The reliance on domestic legislation has produced uneven regulatory outcomes. Some States have adopted bans on certain single-use plastics, extended producer responsibility schemes, and recycling targets, while others lack basic waste management infrastructure (OECD 2022). The absence of harmonized standards creates regulatory gaps and competitive distortions in global plastic production and trade.
The marine plastic pollution treaty seeks to address this deficit by establishing common obligations that give operational content to Article 207. By setting binding global requirements or harmonized standards, the treaty could transform a broadly framed obligation of conduct into measurable commitments capable of reducing land-based leakage into the marine environment.

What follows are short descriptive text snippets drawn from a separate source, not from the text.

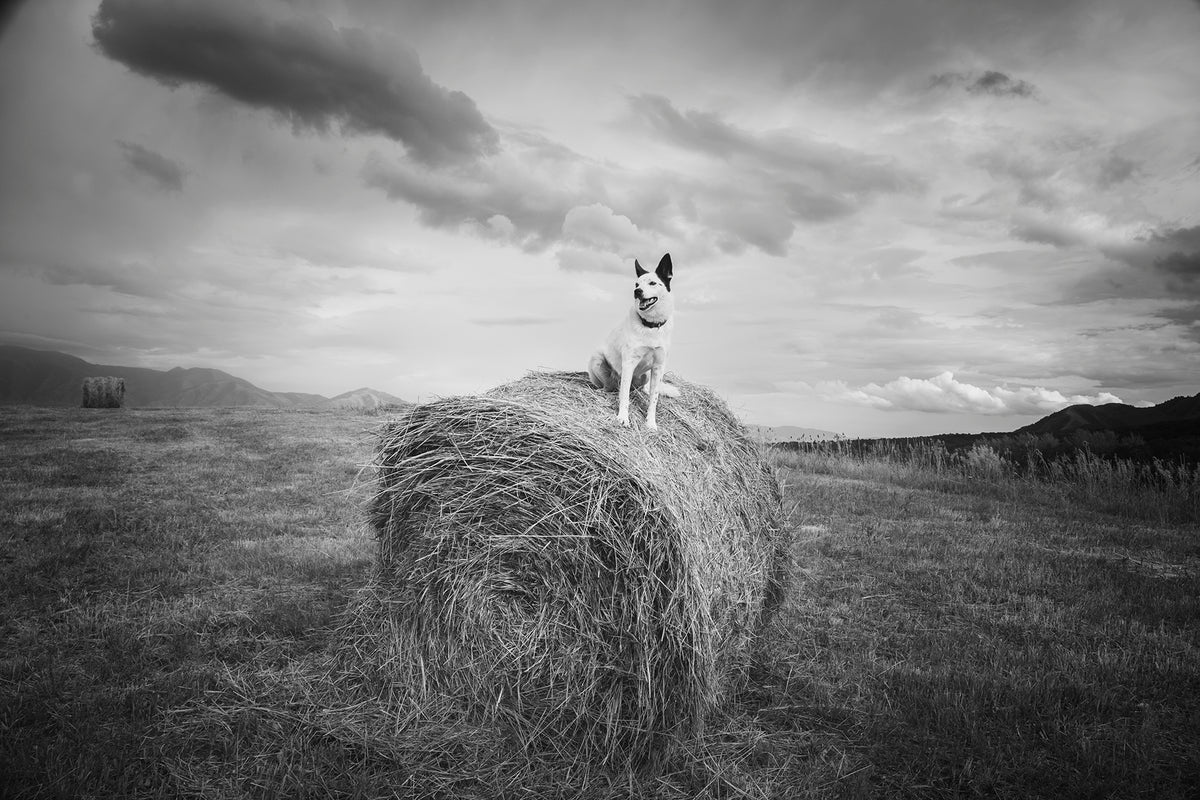 Farm Dog in Field
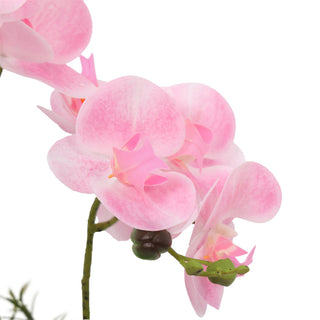 Nice Potted Artificial Orchids Bonsai 50CM Pink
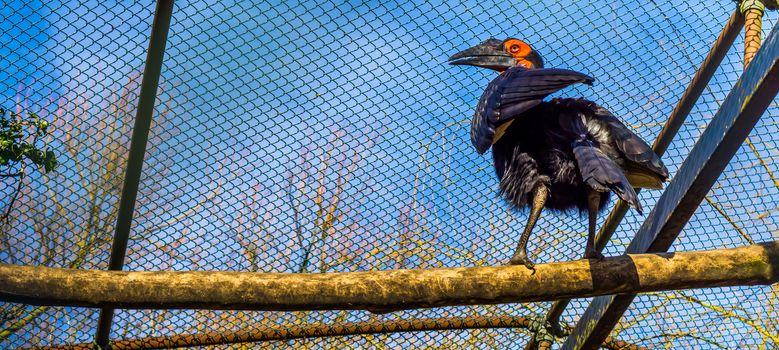 southern ground hornbill standing on a branch, beautiful tropical bird from Africa, Threatened bird with vulnerable status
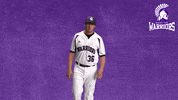Baseball Warriors GIF by WinonaStateATH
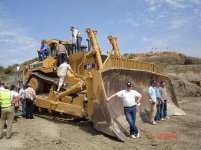 Caterpillar 1.JPG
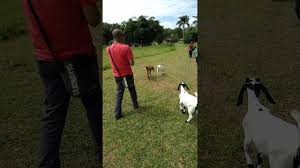 Lot 1504, batu 6, mukim pantai, jln jelebu, 71770 seremban, negeri sembilan darul khusus. Jelita Ostrich Farm Youtube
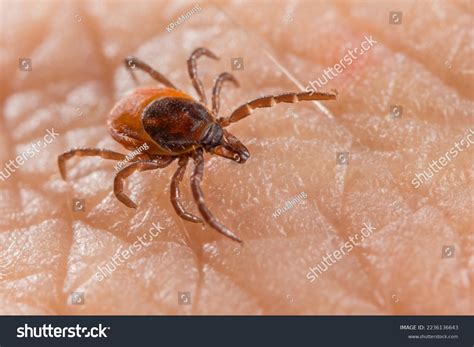 tick ixodes images stock  vectors shutterstock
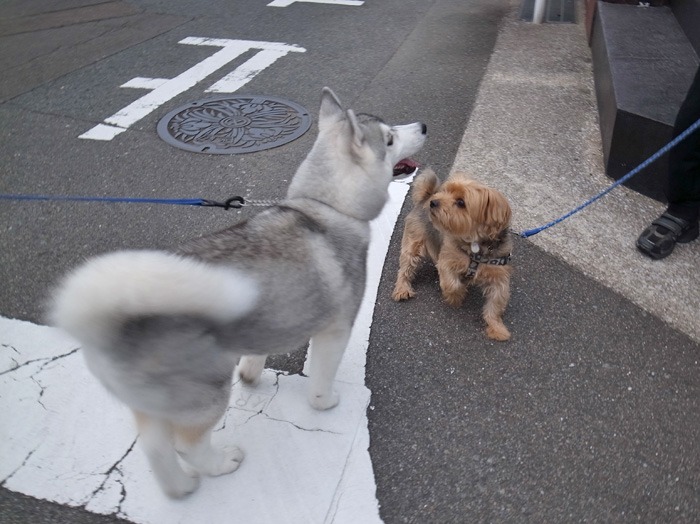 子犬 ただ今練習中_c0049299_21351172.jpg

3.3 Vessel-Source Pollution
Plastic pollution also arises from maritime activities, including accidental loss of containers, illegal discharge of waste, and abandonment of fishing gear. UNCLOS Articles 211 and 217 regulate vessel-source pollution and allocate jurisdiction among flag, coastal, and port States. These provisions operate in conjunction with the International Convention for the Prevention of Pollution from Ships (MARPOL).
MARPOL Annex V prohibits the discharge of plastics into the sea from ships, without exception (IMO 1973/1978). This prohibition covers synthetic ropes, fishing nets, plastic garbage bags, and incinerator ashes from plastic products. The regime represents one of the clearest global bans on marine plastic disposal.
Enforcement, however, depends primarily on flag State jurisdiction. Under UNCLOS Article 217, flag States must ensure that vessels flying their flag comply with applicable international rules and standards. Coastal States may exercise limited enforcement powers within their territorial sea and exclusive economic zone under Articles 220 and 218, while port States may inspect vessels voluntarily entering their ports.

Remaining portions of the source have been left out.